Why Your Team’s Best Ideas Never Surface During Crisis (And the Brain Science That Changes Everything)
Sheila had 15 days to meet a critical deadline when the unexpected happened.
A key vendor fell through, her project suddenly derailed, and in that moment, her brain did exactly what the brain does when crisis hits:
It shut down creative thinking and went into threat mode.
Her usual take-charge approach kicked in, the same one that had gotten her this far.
Except this time, she recognized something: her stress response was hijacking her problem-solving ability.
So she tried something counterintuitive, she got curious instead of directive.
And in doing so, she regulated her nervous system, and her teams to encourage the creative thinking they desperately needed.
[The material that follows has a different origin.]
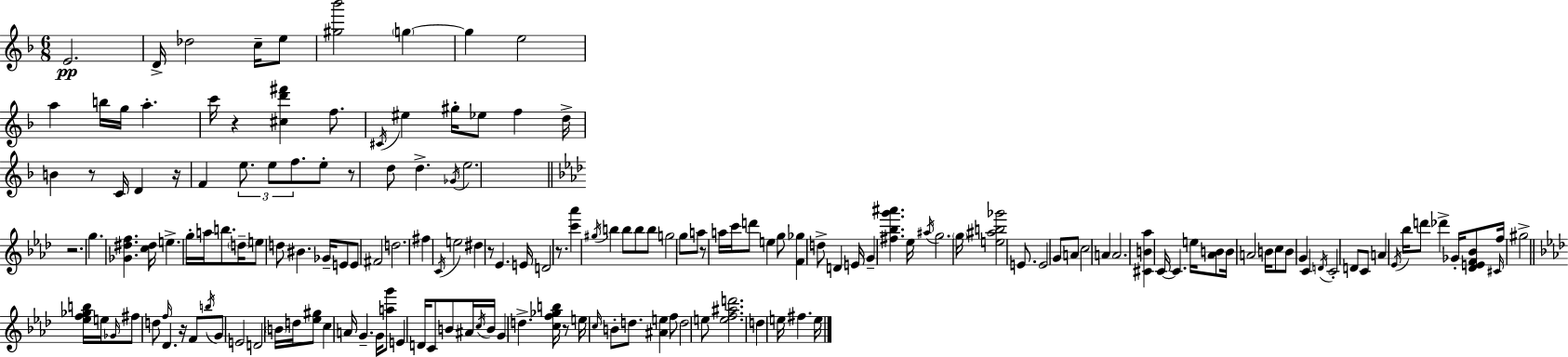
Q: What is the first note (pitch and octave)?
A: E4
What Your Brain Does When Problems Hit
When your brain perceives a threat, a missed deadline, a conflict, an abrasive employee, your nervous system activates your stress response.
The fear center of the brain (amygdala) takes over, blood flow shifts away from your prefrontal cortex (where creative problem-solving happens) and toward survival mechanisms.
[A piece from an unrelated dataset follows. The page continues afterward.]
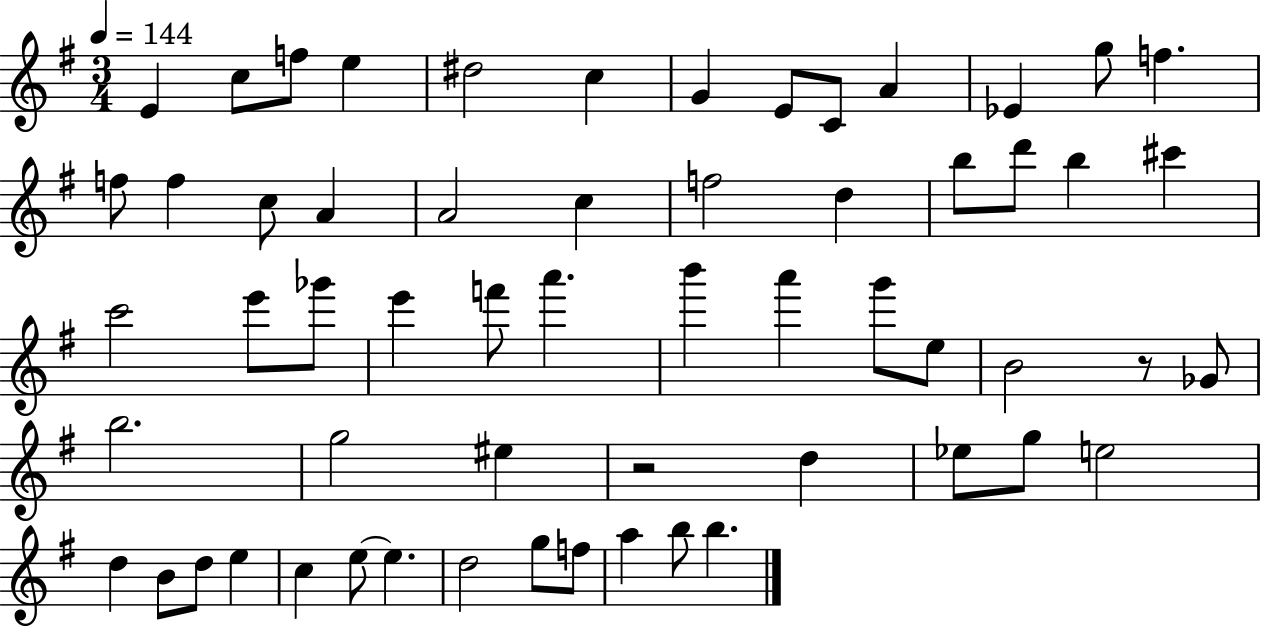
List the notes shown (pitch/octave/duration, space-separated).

E4/q C5/e F5/e E5/q D#5/h C5/q G4/q E4/e C4/e A4/q Eb4/q G5/e F5/q. F5/e F5/q C5/e A4/q A4/h C5/q F5/h D5/q B5/e D6/e B5/q C#6/q C6/h E6/e Gb6/e E6/q F6/e A6/q. B6/q A6/q G6/e E5/e B4/h R/e Gb4/e B5/h. G5/h EIS5/q R/h D5/q Eb5/e G5/e E5/h D5/q B4/e D5/e E5/q C5/q E5/e E5/q. D5/h G5/e F5/e A5/q B5/e B5/q.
This is why your best thinking never happens in crisis mode.
The defensive team meeting where no one’s creative.
The deadline pressure that makes simple decisions impossible. The conflict that makes people shut down.
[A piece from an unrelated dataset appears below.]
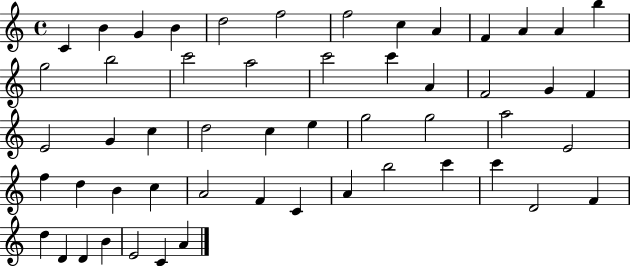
C4/q B4/q G4/q B4/q D5/h F5/h F5/h C5/q A4/q F4/q A4/q A4/q B5/q G5/h B5/h C6/h A5/h C6/h C6/q A4/q F4/h G4/q F4/q E4/h G4/q C5/q D5/h C5/q E5/q G5/h G5/h A5/h E4/h F5/q D5/q B4/q C5/q A4/h F4/q C4/q A4/q B5/h C6/q C6/q D4/h F4/q D5/q D4/q D4/q B4/q E4/h C4/q A4/q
Your nervous system is dysregulated, and dysregulated nervous systems don’t solve problems, they react to threats.
What most leaders miss is that you can’t think your way out of a dysregulated nervous system. You have to regulate it first.
How Sheila Regulated Her Team’s Nervous System
Sheila didn’t know neuroscience, she just knew her usual approach wasn’t going to work, so she did something different, and accidentally used strategies that regulate the nervous system to unlock higher-level thinking.
She started with safety, not the problem. Instead of “Here’s the crisis,” she asked: “Where are we winning?”
When you start with a threat, you activate stress. When you start with capability, you signal: We’re okay. We can handle this. The prefrontal cortex comes back online.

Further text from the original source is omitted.